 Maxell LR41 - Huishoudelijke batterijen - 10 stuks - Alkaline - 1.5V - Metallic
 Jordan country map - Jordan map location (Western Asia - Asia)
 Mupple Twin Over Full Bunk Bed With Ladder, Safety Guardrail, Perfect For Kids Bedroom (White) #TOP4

* * *

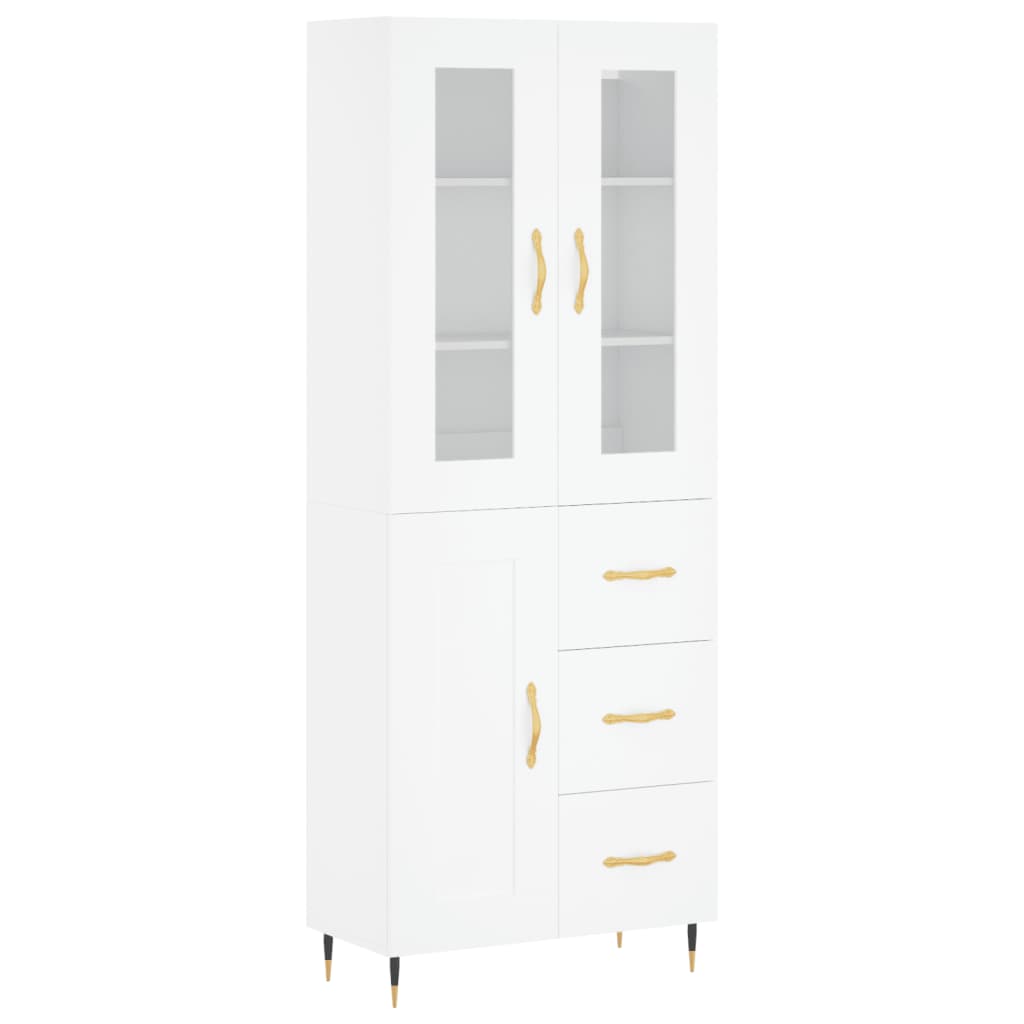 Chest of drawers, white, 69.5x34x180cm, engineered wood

** AIM OF THE TASK **
Among the entries above, locate the lines containing "Asia - Asia)" and "Mupple Twin Over", and transcribe exactly those two lines and all lines between.

** EXPECTED ANSWER **
 Jordan country map - Jordan map location (Western Asia - Asia)
 Mupple Twin Over Full Bunk Bed With Ladder, Safety Guardrail, Perfect For Kids Bedroom (White) #TOP4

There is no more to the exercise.